しかし、やや期待はずれであった。むしくいノートと
食べられる虫ハンドブックでは、このトノサマバッタの味が絶賛されていた。しかし、私にとってはそこまで美味しいものとも思えなかった。いや、もちろん不味くはない。嫌な味は全くない。不味いか旨いかと聞かれたら、旨い方の領域だ。しかし、絶賛するほどの強い味もない感じがした。あれば食べる。そこにいれば、私は次のイナゴ採りでも採るだろう。でもこのトノサマバッタ目当てのバッタ採りはしない気がした。
次はイナゴだ。これはたぶんハネナガイナゴだ。トノサマバッタと比べると格段に小さい。
食べると、旨かった。どう考えても、トノサマバッタよりもこのイナゴの方が旨い。なぜ上記2書籍ではトノサマバッタが推されているのか、私にはわからない。その思いを再確認する結果となった。イナゴは旨い。
イナゴを食った断面はこんな感じだ。胴体は空洞になっている。生きている間はどうなっているか知らないが、加熱調理して水分が抜けると、イナゴの胴体は空洞になるのだ。これがサクサク感を出す。良い食感を生む。
息子もどんどん食べていた。キモいと言いつつも旨いらしい。エビのしっぽの味だねと言っていた。そうだ。その味だ。
次はオンブバッタだ。揚げたらだいぶ色が抜け、緑色だったのが透明感のあるボディになった。
食べると・・・なんだこれは!!
旨い!!!!
なんだこれは。旨いではないか。いつも食えないバッタだと思って何千回とスルーしてきたのに、このバッタは旨いではないか!!!!
オンブバッタの味はトノサマバッタやイナゴとはまたちょっと違っていた。草の良い香りがした。ああそうだ、お茶の香りだ。緑茶の香り。基本的には甲殻類のエビの味ではあるのだが、そのあと爽やかな緑茶の香りがした。口に入れた直後はエビの味がして、噛むとその瞬間に緑茶の香りが口の中に広がる。なんだこれは。初めての味だ。これは旨い。

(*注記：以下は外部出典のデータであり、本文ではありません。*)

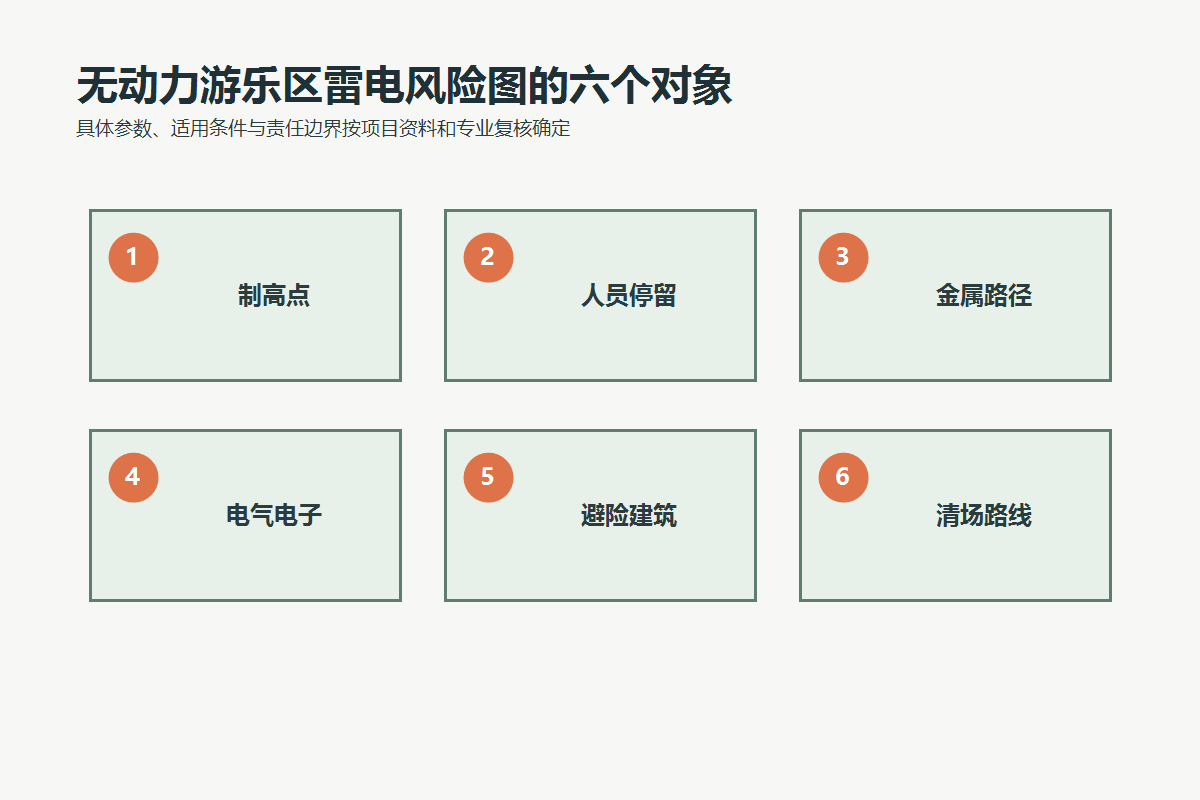 无动力游乐区雷电风险图需标注制高点、人员停留、金属路径、电气电子、避险建筑和清场路线
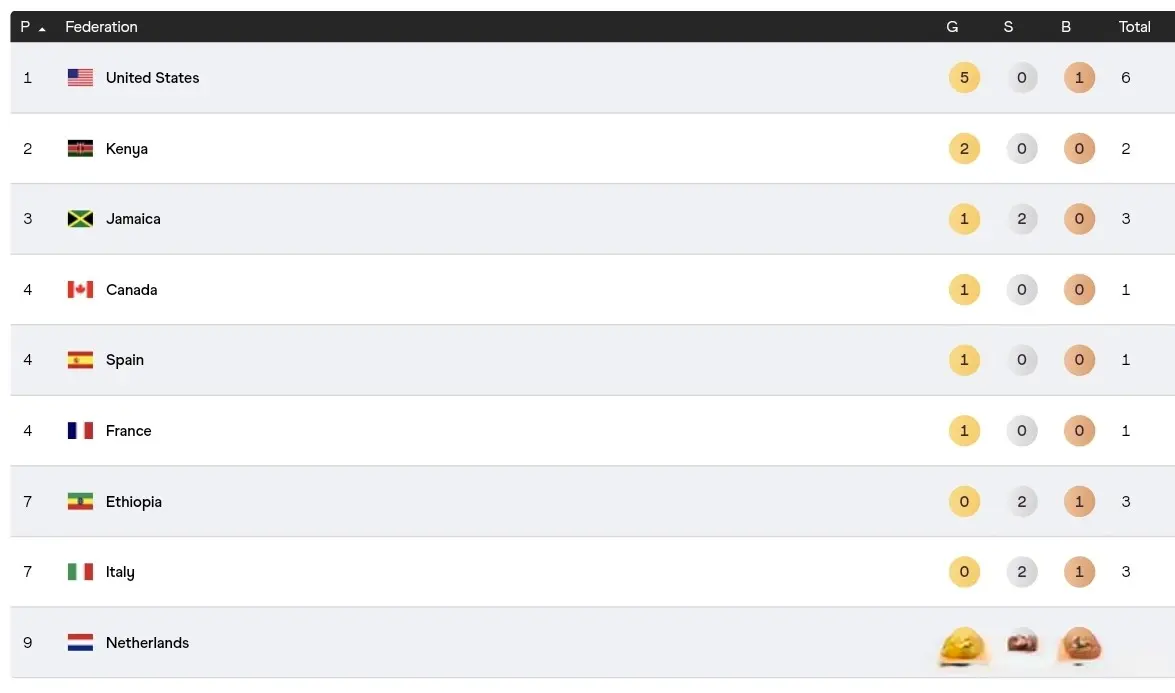 优势在金牌, 铜总奖牌数, msn 优势在金牌, 铜总奖牌数, msn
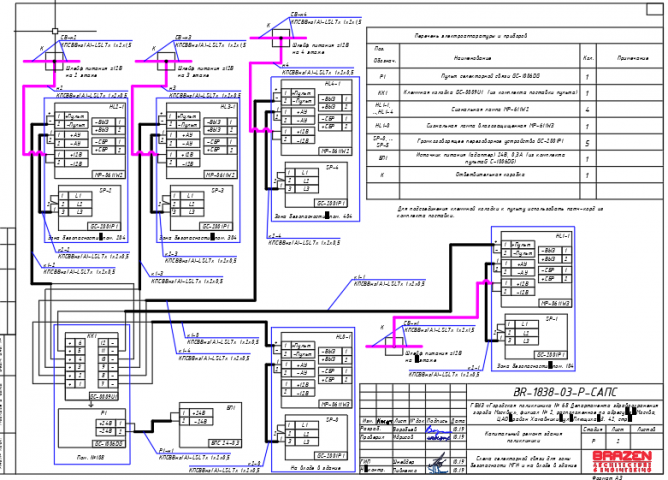 Раздел САПС проекта Кап. ремонта поликлиники
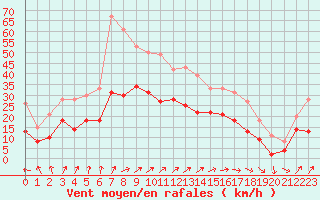 Courbe de la force du vent pour Le Havre - Octeville (76)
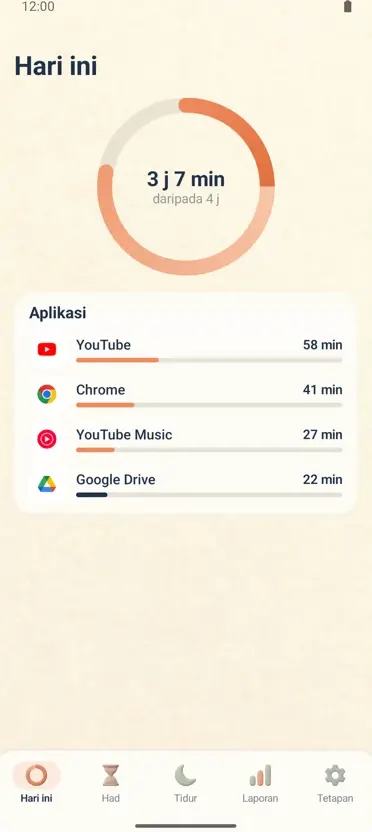 Kawalan Ibu Bapa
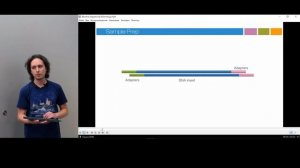 Научно-популярная лекция "Методы секвенирования ДНК" Зубарицкого А.В. ФИЦ Биотехнологии РАН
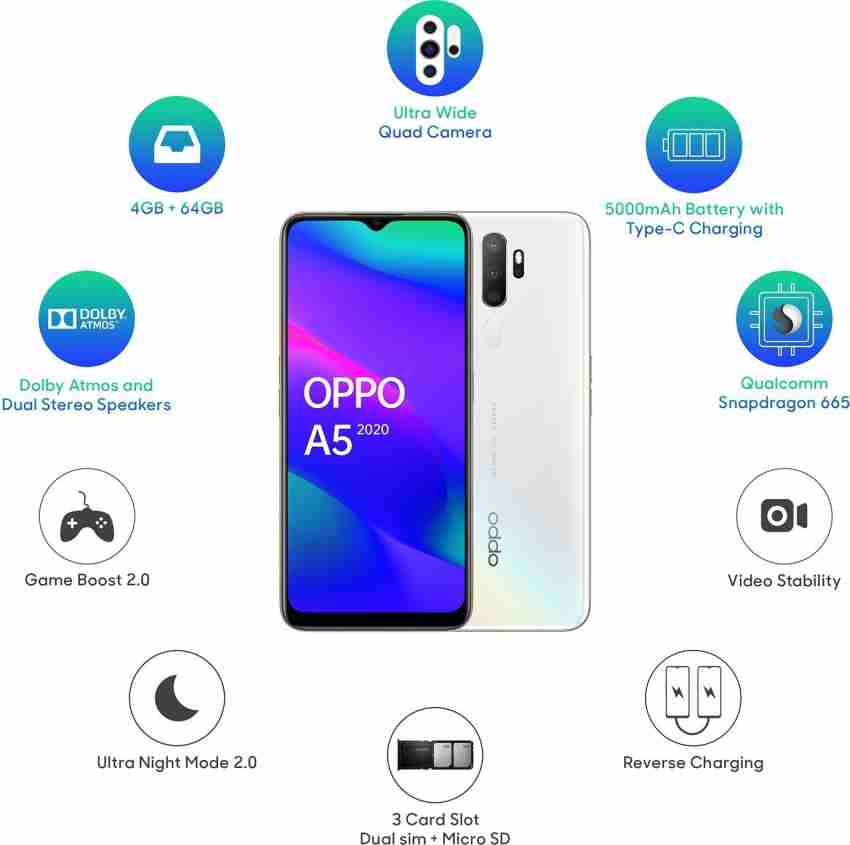 OPPO A5 2020 モバイル-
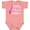 Mauve, variant on Inktastic Breast Cancer Awareness We Wear Pink in October Girls Baby Bodysuit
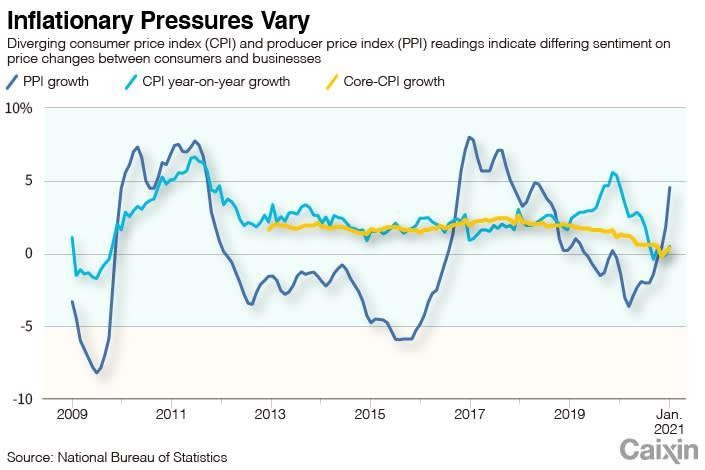 Sự khác biệt giữa thay đổi giá trong tiêu dùng và trong kinh doanh của Trung Quốc (Nguồn: National Bureau of Statistics)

オンブバッタは3匹しか捕まえていなかった。その3匹を全て私が食べた。息子には勧めなかった。この旨さを息子に体験させるのを忘れ、食べてしまった。それくらい旨かった。
食べていると、息子が、友達にも食べさせたいと言ってきた。なので、タッパーに取り分けて、残りを食べた。今日は息子は習っているプールに行く日なので、プール仲間に食べさせるのだと思う。
感想としては、トノサマバッタは、私の中ではちょっと評価が低い。やはりイナゴが旨い。そして、そのイナゴよりもオンブバッタの方が旨い。もしかしたら、食べ続けていたらオンブバッタの評価はまた変わってくるかもしれない。でも、今日はオンブバッタの旨さが群を抜いていた。
非常に満足感のある食事だった。素晴らしい体験だった。またやる価値はある。